The harp is the only thing that felt unnatural to me. A bit too hard and perfect (quantized) sounding. I would probably roll at least some of the chords, if not overtly, then in a subtle/slight way.

All in all a very thoughtfully put together cue with a poignant sense of restraint.

O


----------



## Guy Bacos (Dec 13, 2010)

Thanks ozmorphasis!

Yep, you're right too, about the harp. Originally the harp section had some synth effects and sounded better a bit quantized, but I then removed the synth stuff and made it fit better with the rest with a more similar texture. I'll loosen it a bit.


----------



## veetguitar (Dec 13, 2010)

I agree on what the others have said. 
Now, that the strings are so close to perfect, the harp should be fixed. It is also the reverb that gives a bathroom feel to it. Listen to the last phrase of the harp. That phrase is repeated by the piano and gives the impression of two totally different rooms.
Otherwise: Very simple compelling and imaginative writing which- I am sure- serves the purpose very well.


----------



## johan25 (Dec 14, 2010)

Great tender piece Guy, you are a great composer


----------



## Farkle (Dec 14, 2010)

Good morning, Guy!

I wanted to congratulate you on this cue you wrote, very passionate and emotional. The mockup is stupendous, also! I particularly like the smooth register transfers in the beginning between the string phrases. Makes the piece move forward, without hitting you over the head.

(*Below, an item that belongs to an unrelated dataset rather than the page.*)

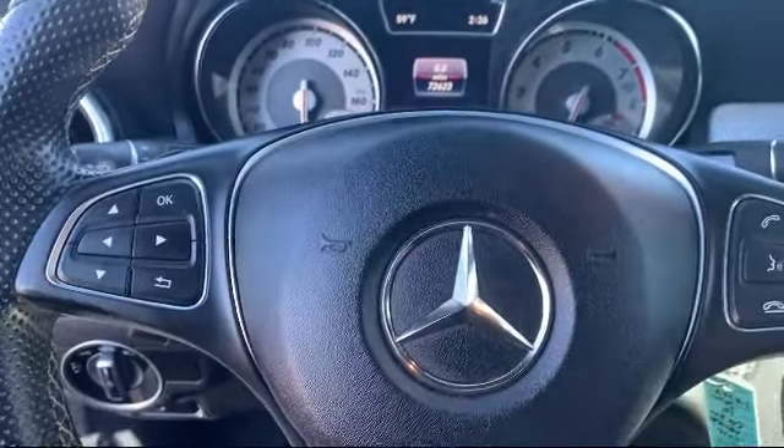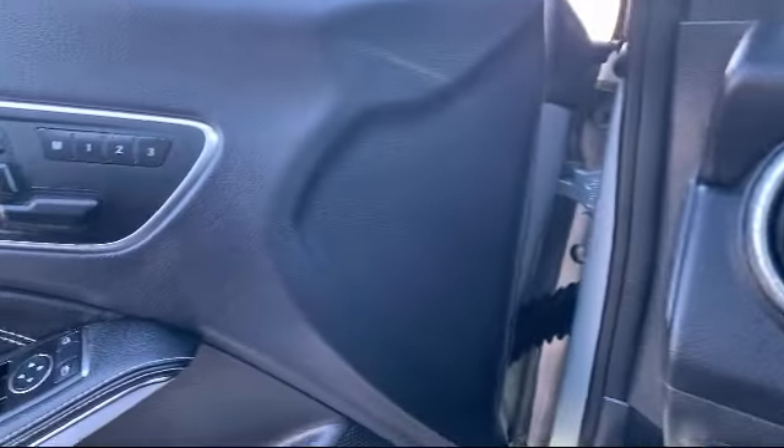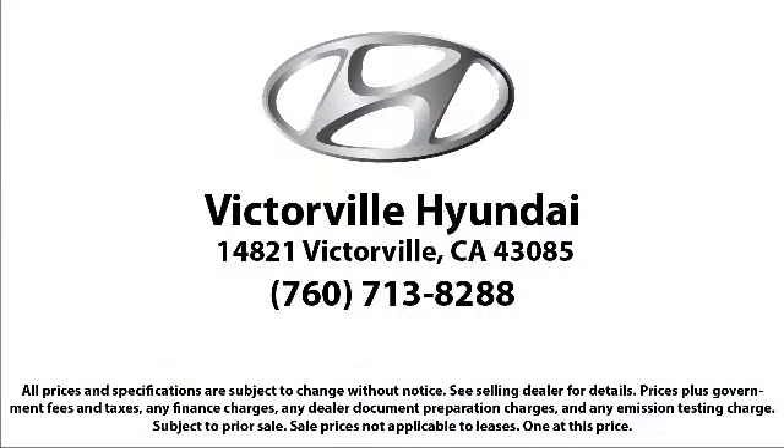Here at Victorville Hyundai, our goal is complete customer satisfaction. We have a top-notch staff that is here to help you drive home in a vehicle that is just right for you. We win our customers over by making them winners, and with an average Google score of over four and a half stars, you can see why so many customers are repeat customers. So come see us today.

If you have ever heard James Horner's score to *House of Sand and Fog*, this cue feels a lot like the music he wrote for that. And, I mean that as a compliment. Very austere lines, but a lush, poignant sound. 

To nitpick one small part, during the first minute, when the piano comes in, I heard a bit of ringing in the piano, either at about 1.5k, or maybe up at 4.5k. It felt a little bright and chime-y. Perhaps a small dip in the piano eq right about there, to dull the sound a bit? Again, I was comparing it to House of Sand and Fog, where the piano is a bit darker, so maybe that's influencing my opinion.

Again, Guy, a very small point of feedback. The cue is fantabulous, congratulations!


----------



## Ian Dorsch (Dec 14, 2010)

Beautiful writing, Guy. I particularly like that delicate piano line that comes in around 0:23. The mockup is gorgeous as well. Really nice work.


----------



## germancomponist (Dec 14, 2010)

A nice composition, Guy.


----------



## dedersen (Dec 14, 2010)

There's so much to enjoy in this piece, that has already been pointed out by others in this thread. So I'll just add a broad compliment on your string writing in general, which is always really impressive.

And I love the transition around the 1:30 mark, the tension from the tremolo strings adds a great color to orchestration here.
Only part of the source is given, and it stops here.